Friday, Mar. 03, 1961

One-Man Who's Who

The Great Impostor (Universal-International) is intended as an amiably wacky comedy of false pretenses. Adapted from Robert Crichton's bestselling biography, the picture dramatizes--and vulgarizes--a few of the more lurid episodes in the various and fascinating lives of Ferdinand Waldo Demara, the one-man Who's Who (TIME, Feb. 25, 1957).

Items: Private Demara (Tony Curtis) goes AWOL from the Army, fakes academic credentials, joins the Marines as an officer. When the FBI starts to check up, he jumps the fence, fakes more credentials, enters a Trappist monastery. When the Trappists find him too secular, to contemplate, they gently return him to the cruel, FBInfested world. After doing 18 months in a military prison, Demara borrows the warden's admirable prison record, gets a key job in a Texas pokey, makes a hit with staff and prisoners alike before he has to run.

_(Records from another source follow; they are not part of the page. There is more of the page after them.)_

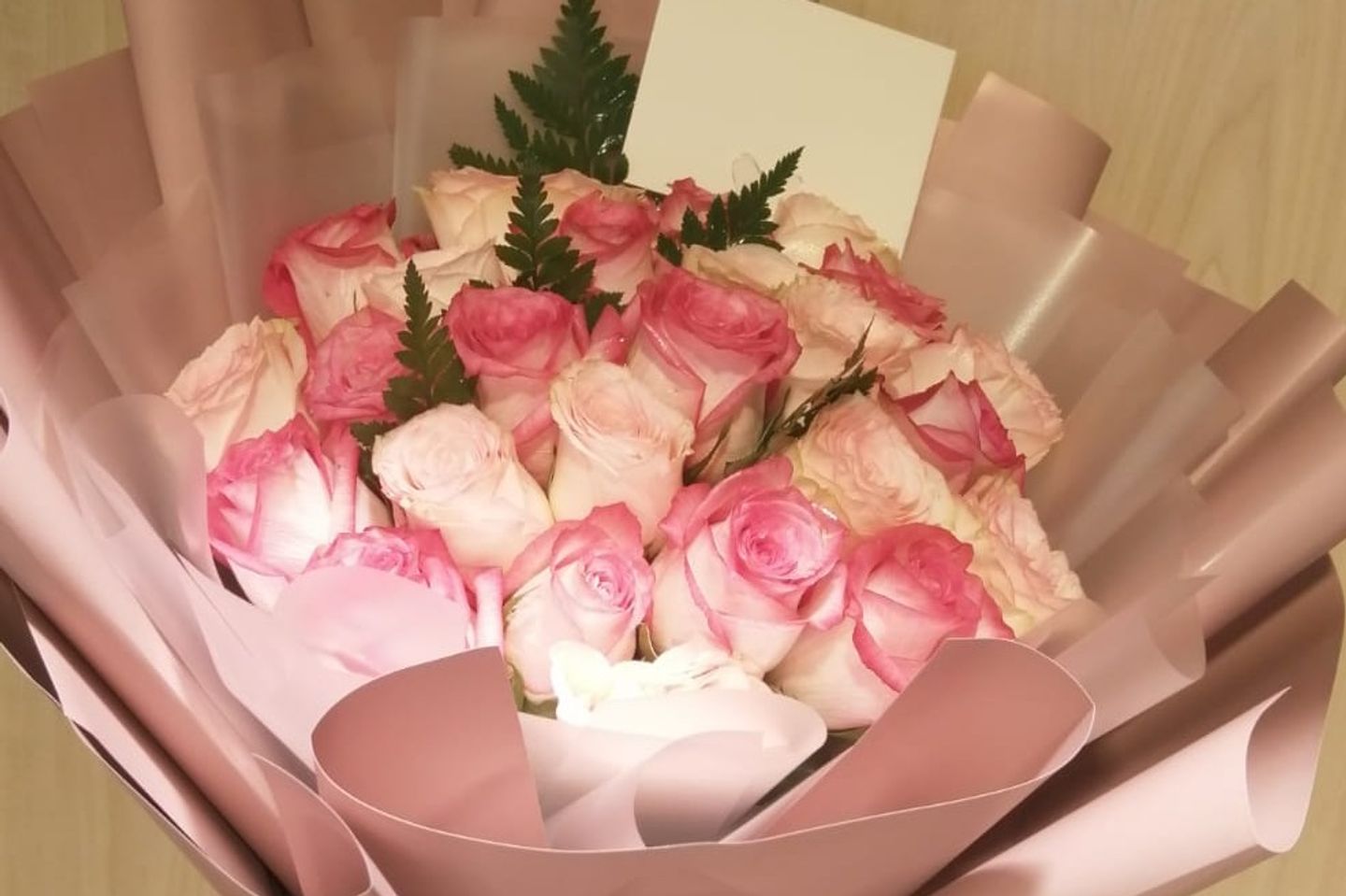 باقة ميلاد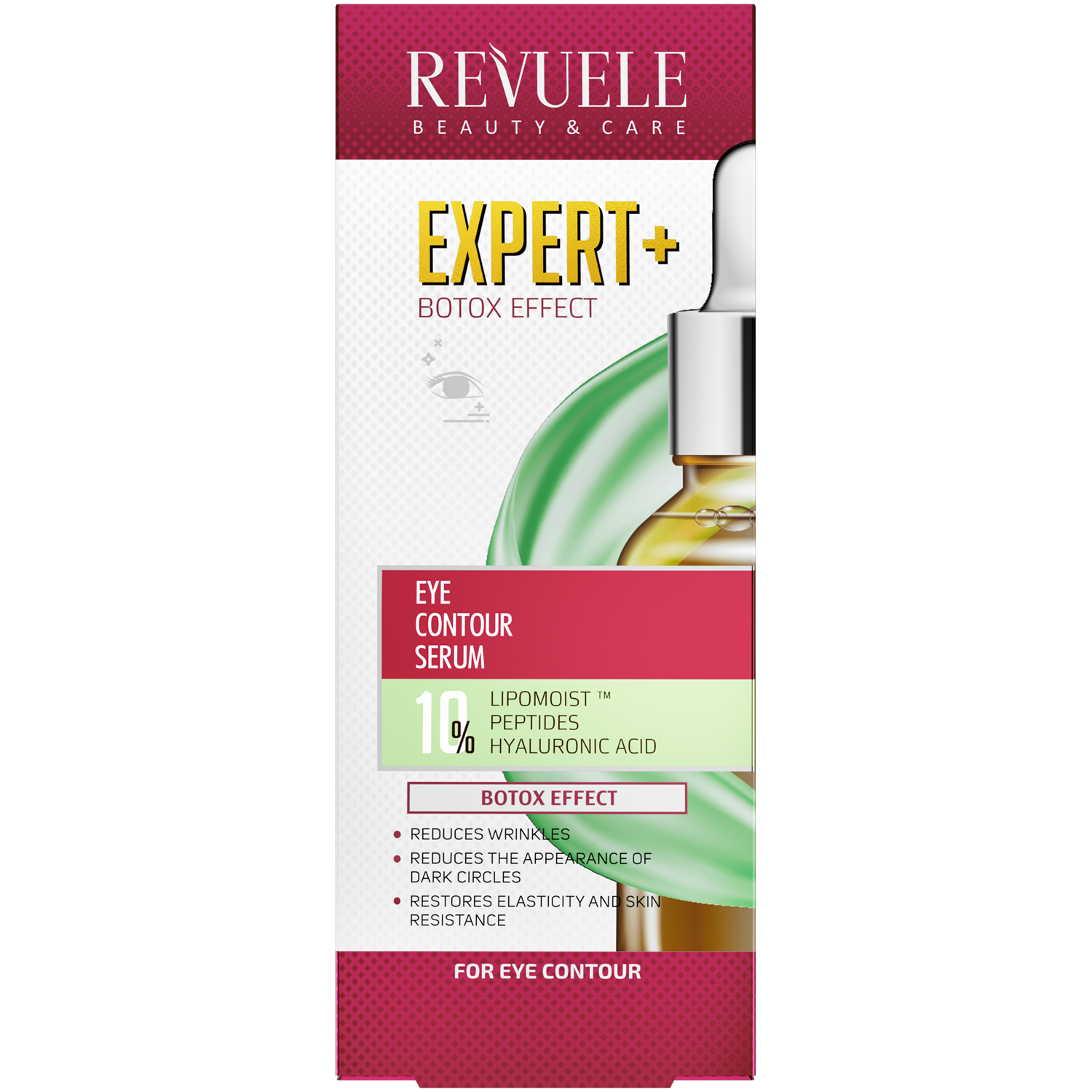 Revuele Expert+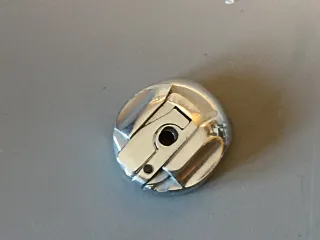 Canillero Máquina Coser Refrey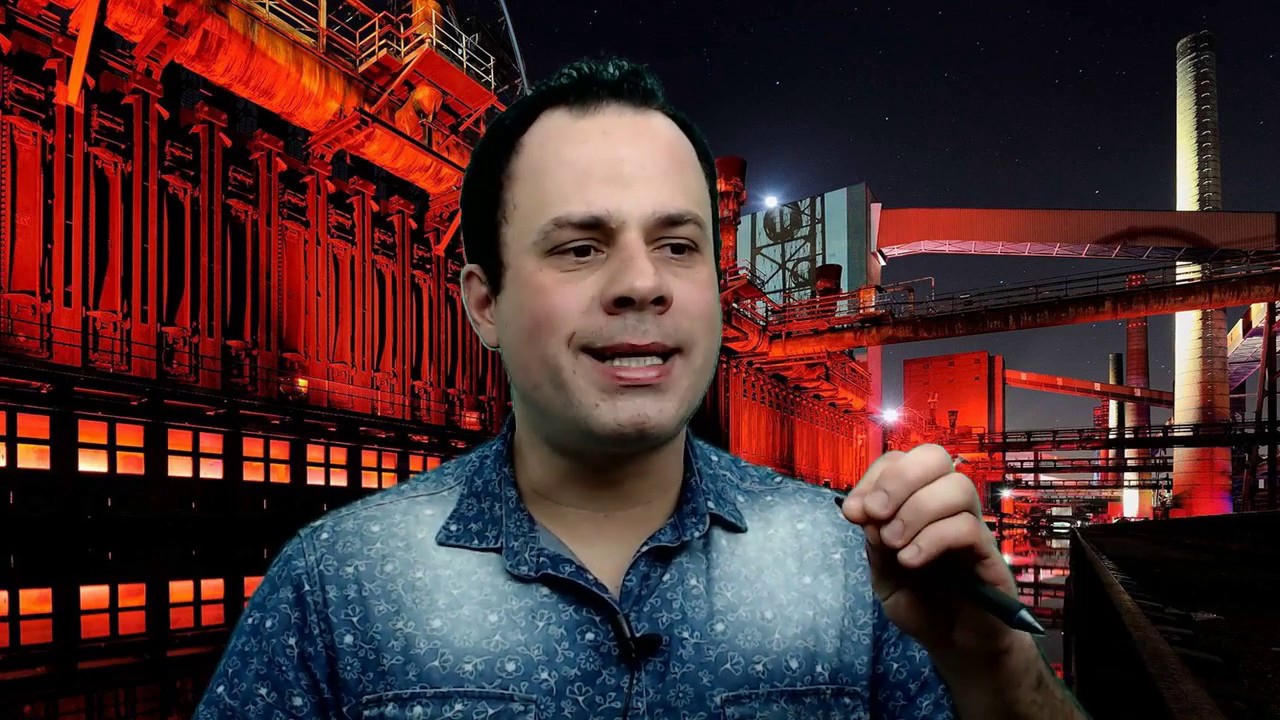 Organizações como sistemas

And so on till the hero joins the Royal Canadian Navy as a doctor, requests active service, performs spectacularly as a battle surgeon in Korean waters, gets his name and picture in the papers, finds himself exposed as an impostor and hailed as a Walter Mitty who makes his daydreams come true.

Unhappily, Demara is not a suitable figure of fun. He is a disturbed man, and no matter how cheerfully the moviemaker tells it, The Great Impostor is a sick joke. Like most sick jokes, it isn't funny.